[Opening Data records section]

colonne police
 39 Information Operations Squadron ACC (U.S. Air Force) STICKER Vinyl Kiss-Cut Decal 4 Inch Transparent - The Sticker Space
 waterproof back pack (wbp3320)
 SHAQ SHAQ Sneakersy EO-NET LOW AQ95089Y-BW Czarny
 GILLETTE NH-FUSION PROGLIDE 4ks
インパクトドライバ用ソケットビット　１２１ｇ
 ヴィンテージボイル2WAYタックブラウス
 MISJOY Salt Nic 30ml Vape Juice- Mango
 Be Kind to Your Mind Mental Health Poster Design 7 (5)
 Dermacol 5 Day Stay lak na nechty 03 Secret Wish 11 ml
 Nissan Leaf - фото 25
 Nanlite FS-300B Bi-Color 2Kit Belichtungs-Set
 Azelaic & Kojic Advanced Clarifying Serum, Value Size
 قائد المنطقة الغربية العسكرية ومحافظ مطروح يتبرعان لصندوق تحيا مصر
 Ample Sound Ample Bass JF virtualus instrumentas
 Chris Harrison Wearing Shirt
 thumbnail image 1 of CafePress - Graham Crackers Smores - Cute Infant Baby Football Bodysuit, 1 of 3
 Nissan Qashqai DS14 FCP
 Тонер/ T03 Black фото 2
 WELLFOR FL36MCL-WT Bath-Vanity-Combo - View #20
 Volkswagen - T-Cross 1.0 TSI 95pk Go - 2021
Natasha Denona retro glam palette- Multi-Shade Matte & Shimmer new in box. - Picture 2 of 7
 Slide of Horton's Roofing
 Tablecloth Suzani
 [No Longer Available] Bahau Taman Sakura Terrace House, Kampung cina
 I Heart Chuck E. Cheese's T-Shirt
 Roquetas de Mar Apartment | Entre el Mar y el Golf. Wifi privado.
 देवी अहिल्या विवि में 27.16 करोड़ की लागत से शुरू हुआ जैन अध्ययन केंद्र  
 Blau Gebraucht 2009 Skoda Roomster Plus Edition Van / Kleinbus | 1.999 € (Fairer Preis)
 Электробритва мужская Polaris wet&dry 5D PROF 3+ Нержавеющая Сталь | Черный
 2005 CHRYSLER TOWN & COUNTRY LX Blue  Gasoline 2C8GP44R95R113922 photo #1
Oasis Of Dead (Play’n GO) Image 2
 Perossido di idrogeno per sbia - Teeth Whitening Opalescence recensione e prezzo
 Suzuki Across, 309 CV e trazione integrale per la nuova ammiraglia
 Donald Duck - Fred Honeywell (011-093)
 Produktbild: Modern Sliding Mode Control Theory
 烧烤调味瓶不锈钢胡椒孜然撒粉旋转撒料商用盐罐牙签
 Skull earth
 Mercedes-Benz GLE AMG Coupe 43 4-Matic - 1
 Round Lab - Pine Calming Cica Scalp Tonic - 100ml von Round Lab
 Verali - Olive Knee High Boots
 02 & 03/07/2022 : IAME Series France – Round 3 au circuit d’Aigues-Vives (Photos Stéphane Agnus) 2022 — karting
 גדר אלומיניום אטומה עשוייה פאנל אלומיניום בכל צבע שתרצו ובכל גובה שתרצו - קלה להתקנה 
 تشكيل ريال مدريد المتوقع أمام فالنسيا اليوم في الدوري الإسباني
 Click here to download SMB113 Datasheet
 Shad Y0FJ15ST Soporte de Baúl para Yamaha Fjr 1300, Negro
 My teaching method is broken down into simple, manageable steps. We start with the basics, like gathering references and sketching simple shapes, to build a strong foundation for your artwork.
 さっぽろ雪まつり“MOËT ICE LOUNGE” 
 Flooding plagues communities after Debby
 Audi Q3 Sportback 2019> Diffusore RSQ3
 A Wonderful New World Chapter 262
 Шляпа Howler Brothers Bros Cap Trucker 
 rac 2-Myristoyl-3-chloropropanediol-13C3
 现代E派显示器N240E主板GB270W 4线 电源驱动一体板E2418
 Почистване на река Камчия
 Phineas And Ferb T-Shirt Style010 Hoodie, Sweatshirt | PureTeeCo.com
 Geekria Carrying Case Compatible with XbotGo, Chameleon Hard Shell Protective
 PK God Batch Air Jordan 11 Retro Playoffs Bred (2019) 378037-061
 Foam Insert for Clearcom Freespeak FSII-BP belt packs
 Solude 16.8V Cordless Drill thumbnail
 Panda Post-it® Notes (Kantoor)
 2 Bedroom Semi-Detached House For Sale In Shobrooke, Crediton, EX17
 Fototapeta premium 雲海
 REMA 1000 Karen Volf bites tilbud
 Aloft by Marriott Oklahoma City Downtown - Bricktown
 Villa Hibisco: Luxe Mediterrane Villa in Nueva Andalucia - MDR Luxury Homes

[Closing Data records section]

Task instructions: Show the lines in the entries above that include the string "фото".

Your response:
 Nissan Leaf - фото 25
 Тонер/ T03 Black фото 2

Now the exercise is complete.